This paper discusses a shallow-water wave height measurement method that uses high definition video cameras to image a water surface wave patch. Wave height time series are extracted from water surface video sequences. Wave features such as the wavelength distribution and energy contained in a wave patch (W/m2) were obtained by analyzing the extracted wave height time series and expressing the wind-driven wave energy as a wave energy spectrum. A Weibull probability distribution was used as the mathematical form of the energy spectrum. Wave spectra are used as input to a wave patch simulation model that generates simulated wind-driven wave images. The measurement protocol is inexpensive, easy to implement, and useful to calibrate and validate wind-driven wave models. The protocol is used to understand resuspension of bottom muds due to wind waves in shallow waters. Scaled staff gauges made of polyvinyl chloride (PVC) materials are placed in shallow water and imaged at 30 Hz followed by frame based image analysis to extract wave height time series. Wave spectra calculated using the fast Fourier transform (FFT) results in a Weibull probability distribution function (WPDF) energy spectrum. The estimated wave spectrum is used to estimate wave energy in W/m2 followed by generation of wave patch simulations of the water surface. Simulated wave patches are compared with the sensor-based wave patch video measurements. Sensitivity analysis of coefficients α and β in the model are used to adjust the synthetic wave images to measured wave patch images. The approach allows one to obtain an estimate of the energy (W/m2) transferred from the local wind field to a water surface gravity wave patch.

Keywords

  • water surface waves
  • gravity waves
  • wind driven waves
  • wave patches
  • wave patch energy
  • remote sensing
  • staff gauges
  • video imaging
  • video analysis
  • energy spectra
  • Weibull distributions
  • synthetic imaging
  • wind energy

1. Introduction

Differential heating of the earth causes large-scale atmospheric pressure gradients. These gradients and the acceleration due to rotation of the earth result in the major wind fields around the globe. The winds cause friction on the water surface and result in the generation of wind-driven water surface gravity waves. These wind-driven gravity waves are a major source of transfer of energy from the sun and atmosphere to the earth’s water system on a global scale as well as in small water regions. Measurements of these wind-driven shallow-water surface gravity wave characteristics such as wave height, period, and direction of propagation are key to understanding the magnitude of energy in a small gravity wave field or “wave patch.” These surface wind-driven waves cause orbital motion of water parcels [1]. In water the wind stress or friction causes the downward movement or transport of momentum from the water surface to the water column. The downward transport of momentum causes internal friction in the water in the form of turbulent friction or viscosity, and the associated circular eddy-type motions influence the bottom lutocline within the bottom boundary layer [2, 3]. The resulting shearing forces at the bottom in shallow water cause resuspension of and fluidization of bottom sediments and associated nutrients and/or trace metals. The fluidization can result in fluidized mud, muck, high-bottom water turbidity, and nephelometric wave motions (internal wavelike motions that are observed in acoustic imaging of the bottom water column). Thus, water quality variables are influenced by the surface water wave field driven by surface winds. Bottom orbital or elliptical velocities due to these wind-driven gravity waves in shallow water can be calculated using surface wind-driven gravity wave information, such as significant wave height and wave spectra [3, 4].

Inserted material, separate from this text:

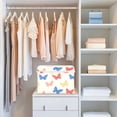 thumbnail image 4 of Yayeee Collapsible Cube Storage Bin with Lid Fabric Closet Decorative Basket with Handles, Red Butterflies, 4 of 7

Wind-driven gravity waves in water can be measured using numerous techniques and descriptions, including satellite altimeters, video cameras, wave buoys, and many types of wave gauges [5]. Altimeters flown on satellites such as Seasat in 1978, Geosat from 1985 to 1988, ERS-1 and ERS-2 from 1991, TOPEX/Poseidon from 1992, Jason from 2001, and Envisat can provide data for monthly mean maps of wave heights and the variability of wave energy density in time and space [5]. Wave height estimations based on binocular or trinocular imaging also allow acquisition of both spatial and temporal wave information for surface wave patches [6, 7, 14]. Many types of wave gauges including resistance-type, capacitance-type, and wave pressure gauges can also provide data for quantifiable wind-driven gravity wave height estimations [8]. However, there is a need to develop measurement system methods [17, 18] for shallow-water areas since most systems developed to date can only be used in deep waters (>3–5 m).

In this research, a technique or protocol that combines gravity wave staff gauges, HD video cameras [14], and image analyses is used to measure wind-driven gravity waves in shallow-water environments that receive energy from the atmosphere. Wave height time series are extracted from video sequence taken using high-definition (HD) video cameras at a 30 Hz frame rate. Significant wave height, wave spectrum, and wave energy (W m2) are estimated from the video-based wave height time series.

In this chapter, techniques to describe the protocol are demonstrated for shallow water near the Atlantic Ocean and Space Coast Region of the Banana River estuary and watershed, near Melbourne, Florida. Simulated wave patch synthetic images are then generated using estimated wave spectrum derived from video imagery and compared to the video images.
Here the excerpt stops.